The required output is every line from the one with "Collect Memories Not Things Coffee Mug" through the final line of the data below, unchanged.

======

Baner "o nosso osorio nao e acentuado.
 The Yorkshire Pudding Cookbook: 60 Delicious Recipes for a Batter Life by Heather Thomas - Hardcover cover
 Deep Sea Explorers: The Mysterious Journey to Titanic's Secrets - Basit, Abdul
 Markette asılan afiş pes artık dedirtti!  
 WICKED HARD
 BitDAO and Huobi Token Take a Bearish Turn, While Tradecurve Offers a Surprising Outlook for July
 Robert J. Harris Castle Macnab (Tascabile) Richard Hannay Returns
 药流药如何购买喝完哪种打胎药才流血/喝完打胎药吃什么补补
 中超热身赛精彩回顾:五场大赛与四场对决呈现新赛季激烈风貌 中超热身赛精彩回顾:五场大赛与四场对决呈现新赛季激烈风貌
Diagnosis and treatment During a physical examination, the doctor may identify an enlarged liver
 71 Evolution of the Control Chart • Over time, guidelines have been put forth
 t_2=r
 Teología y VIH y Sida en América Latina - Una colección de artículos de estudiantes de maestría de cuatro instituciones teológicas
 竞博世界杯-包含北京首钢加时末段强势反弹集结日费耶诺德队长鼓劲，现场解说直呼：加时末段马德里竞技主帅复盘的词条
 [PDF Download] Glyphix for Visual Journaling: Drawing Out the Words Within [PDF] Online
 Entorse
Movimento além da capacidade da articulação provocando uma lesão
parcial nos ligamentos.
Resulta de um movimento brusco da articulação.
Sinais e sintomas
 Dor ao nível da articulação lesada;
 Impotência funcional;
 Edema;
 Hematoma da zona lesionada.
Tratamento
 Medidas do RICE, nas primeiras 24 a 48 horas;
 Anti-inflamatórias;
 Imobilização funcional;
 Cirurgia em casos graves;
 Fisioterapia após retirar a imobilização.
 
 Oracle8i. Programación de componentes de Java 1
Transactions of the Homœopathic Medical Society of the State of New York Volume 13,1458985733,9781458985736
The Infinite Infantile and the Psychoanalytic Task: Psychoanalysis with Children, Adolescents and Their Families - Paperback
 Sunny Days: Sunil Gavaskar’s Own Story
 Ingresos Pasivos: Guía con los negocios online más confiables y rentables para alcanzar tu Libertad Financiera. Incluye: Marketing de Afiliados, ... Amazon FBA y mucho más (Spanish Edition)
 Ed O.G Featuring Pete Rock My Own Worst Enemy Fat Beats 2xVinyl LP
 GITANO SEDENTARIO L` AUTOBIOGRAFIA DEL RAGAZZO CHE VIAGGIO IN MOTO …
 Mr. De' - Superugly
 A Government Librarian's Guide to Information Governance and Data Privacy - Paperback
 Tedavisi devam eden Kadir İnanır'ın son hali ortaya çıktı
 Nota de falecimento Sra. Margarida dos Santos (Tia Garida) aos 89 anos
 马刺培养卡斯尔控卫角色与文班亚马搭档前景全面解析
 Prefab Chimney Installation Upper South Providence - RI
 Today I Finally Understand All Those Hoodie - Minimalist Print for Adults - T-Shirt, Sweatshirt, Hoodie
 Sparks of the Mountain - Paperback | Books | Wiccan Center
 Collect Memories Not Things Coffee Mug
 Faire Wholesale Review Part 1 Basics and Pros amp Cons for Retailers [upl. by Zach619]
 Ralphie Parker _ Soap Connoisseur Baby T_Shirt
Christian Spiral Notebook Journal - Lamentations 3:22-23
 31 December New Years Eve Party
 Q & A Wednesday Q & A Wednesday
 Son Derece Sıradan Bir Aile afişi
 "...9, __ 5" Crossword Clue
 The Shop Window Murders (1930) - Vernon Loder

======

- [Exercise answer]
 Collect Memories Not Things Coffee Mug
 Faire Wholesale Review Part 1 Basics and Pros amp Cons for Retailers [upl. by Zach619]
 Ralphie Parker _ Soap Connoisseur Baby T_Shirt
Christian Spiral Notebook Journal - Lamentations 3:22-23
 31 December New Years Eve Party
 Q & A Wednesday Q & A Wednesday
 Son Derece Sıradan Bir Aile afişi
 "...9, __ 5" Crossword Clue
 The Shop Window Murders (1930) - Vernon Loder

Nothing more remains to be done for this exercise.